Klavan encouraged young conservatives to find a central message when discussing politics. “I think we have to tell them what we’re for, and I’m for freedom. As an elder statesman in life, there are so many things that I can tell people that can make them happy, but that’s not what I want the government to do for them … I just want the government to do what it says in the Declaration: to secure the rights that God gave them.”
Having paved his own way toward a belief in Christianity, Klavan’s uniquely freedom-focused theology appeals to the progeny of the religious Right. Young students of religiously conservative parents are fast becoming one of the most tolerant and open-minded political demographics in the nation. They have long been searching for ways to square their religious commitments with laissez-faire politics.
From a background of secular Judaism, Klavan can also to speak to secular-minded individuals who have felt alienated by the increasingly radical left-wing. If there is one place where leftists are not afraid to get radical, it is on college campuses. Klavan’s jovial personality and unique ability to break down complex conservative ideas into common-sense soundbites help him to fill what has been a comedic void on the political Right.
College students who would have once watched Jon Stewart or Stephen Colbert can now get a daily dose of news and entertainment from a conservative angle delivered to them at their convenience.But it’s not all soundbites. The new internet medium is a place where long-form discussions can take place, not only in the realm of politics but also religion and philosophy.

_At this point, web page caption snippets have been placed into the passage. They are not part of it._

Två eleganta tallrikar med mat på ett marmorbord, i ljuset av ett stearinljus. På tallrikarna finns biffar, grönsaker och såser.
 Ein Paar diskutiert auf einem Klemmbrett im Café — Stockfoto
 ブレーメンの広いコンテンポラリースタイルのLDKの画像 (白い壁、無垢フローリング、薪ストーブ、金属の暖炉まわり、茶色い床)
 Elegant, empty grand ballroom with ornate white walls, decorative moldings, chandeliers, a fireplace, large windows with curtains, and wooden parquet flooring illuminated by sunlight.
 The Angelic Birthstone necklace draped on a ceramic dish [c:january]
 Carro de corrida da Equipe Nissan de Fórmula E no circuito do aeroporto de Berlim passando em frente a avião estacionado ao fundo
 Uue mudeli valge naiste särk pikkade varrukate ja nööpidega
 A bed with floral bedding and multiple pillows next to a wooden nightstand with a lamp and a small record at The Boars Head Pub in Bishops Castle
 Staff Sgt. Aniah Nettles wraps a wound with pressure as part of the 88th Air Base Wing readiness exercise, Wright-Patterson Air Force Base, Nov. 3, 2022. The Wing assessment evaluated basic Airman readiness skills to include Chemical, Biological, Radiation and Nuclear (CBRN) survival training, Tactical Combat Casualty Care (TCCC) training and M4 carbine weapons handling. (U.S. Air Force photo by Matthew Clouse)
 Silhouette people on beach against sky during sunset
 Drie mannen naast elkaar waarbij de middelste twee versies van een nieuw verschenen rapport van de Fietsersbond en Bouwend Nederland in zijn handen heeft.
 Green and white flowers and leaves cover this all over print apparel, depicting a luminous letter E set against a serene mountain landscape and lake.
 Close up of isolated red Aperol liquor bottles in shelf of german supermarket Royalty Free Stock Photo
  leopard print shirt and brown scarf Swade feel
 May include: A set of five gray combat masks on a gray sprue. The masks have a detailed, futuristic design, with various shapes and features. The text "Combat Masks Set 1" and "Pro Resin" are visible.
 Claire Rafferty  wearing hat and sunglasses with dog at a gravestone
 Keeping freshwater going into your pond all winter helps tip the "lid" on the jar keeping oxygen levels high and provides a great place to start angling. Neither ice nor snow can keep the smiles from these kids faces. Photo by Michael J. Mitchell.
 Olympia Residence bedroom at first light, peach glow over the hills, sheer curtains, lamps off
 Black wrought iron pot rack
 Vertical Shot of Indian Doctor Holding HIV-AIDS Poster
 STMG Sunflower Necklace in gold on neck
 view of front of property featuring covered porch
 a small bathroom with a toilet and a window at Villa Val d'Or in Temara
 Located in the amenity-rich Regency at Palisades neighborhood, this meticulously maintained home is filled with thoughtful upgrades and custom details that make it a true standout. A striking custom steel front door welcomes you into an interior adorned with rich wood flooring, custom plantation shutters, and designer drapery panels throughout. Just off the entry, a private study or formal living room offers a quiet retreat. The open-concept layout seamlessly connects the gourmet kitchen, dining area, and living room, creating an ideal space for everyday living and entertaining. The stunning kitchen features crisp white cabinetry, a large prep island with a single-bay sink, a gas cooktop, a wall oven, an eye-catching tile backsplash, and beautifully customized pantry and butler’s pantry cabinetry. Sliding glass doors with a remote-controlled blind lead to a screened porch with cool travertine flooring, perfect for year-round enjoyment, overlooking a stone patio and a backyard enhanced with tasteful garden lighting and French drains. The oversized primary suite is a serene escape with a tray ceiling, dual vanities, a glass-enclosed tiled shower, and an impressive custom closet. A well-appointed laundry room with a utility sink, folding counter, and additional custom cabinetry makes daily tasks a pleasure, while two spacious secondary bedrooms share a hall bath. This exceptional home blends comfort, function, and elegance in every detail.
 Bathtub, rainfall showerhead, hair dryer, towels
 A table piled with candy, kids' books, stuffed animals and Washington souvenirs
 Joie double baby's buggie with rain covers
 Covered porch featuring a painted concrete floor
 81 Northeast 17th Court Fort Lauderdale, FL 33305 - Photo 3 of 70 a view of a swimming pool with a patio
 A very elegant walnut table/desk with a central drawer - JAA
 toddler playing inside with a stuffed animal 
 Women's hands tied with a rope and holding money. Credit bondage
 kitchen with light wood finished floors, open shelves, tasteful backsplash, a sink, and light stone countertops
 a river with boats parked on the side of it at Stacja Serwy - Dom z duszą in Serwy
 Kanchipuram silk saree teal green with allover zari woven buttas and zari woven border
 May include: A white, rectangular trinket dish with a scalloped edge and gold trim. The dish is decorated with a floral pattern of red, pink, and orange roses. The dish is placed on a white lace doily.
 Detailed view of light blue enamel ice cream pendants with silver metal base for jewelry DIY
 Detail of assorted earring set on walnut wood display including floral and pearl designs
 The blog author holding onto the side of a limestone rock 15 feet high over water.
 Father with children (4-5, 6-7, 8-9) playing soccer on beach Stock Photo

In an interview with Think Outside Politics, Klavan explains his theory on the next Great Awakening to individuals who possess an entirely freedom-focused worldview.
“My theory is basically that this revival [the next Great Awakening] ... is actually coming at the intellectual level because theology needs to be reframed in the context of the world we know … In the same way that modernism collapsed when it was questioned by postmodernism, relativism is nonsense. It is internally contradictory. It makes no sense inside itself, and that too will fall apart.”
When asked about how to conduct a civil free exchange of ideas on college campuses when discussing politics, Klavan said “Why would you train someone not to listen to other opinions? Clearly, the only reason you do that is to keep control over them. Clearly, these people are actually less free than anyone who is willing to debate … People are easily controlled when they’re angry. They’re easily controlled in a mob. They’re easily controlled when you control the narrative around them ... the Left has done all that stuff.”
Klavan went on to say that college students should emphasize the liberty that civil discourse provides. "If you can start to make the meta-argument, not that you’re right, that by discussion you become free, you become free to consider other ideas,” said Klavan. “I think you can win over the middle of the populace, which is most people. Once you’ve done that, I think you exclude the violence, you exclude the irrational, and you exclude the people who don’t want to discuss.”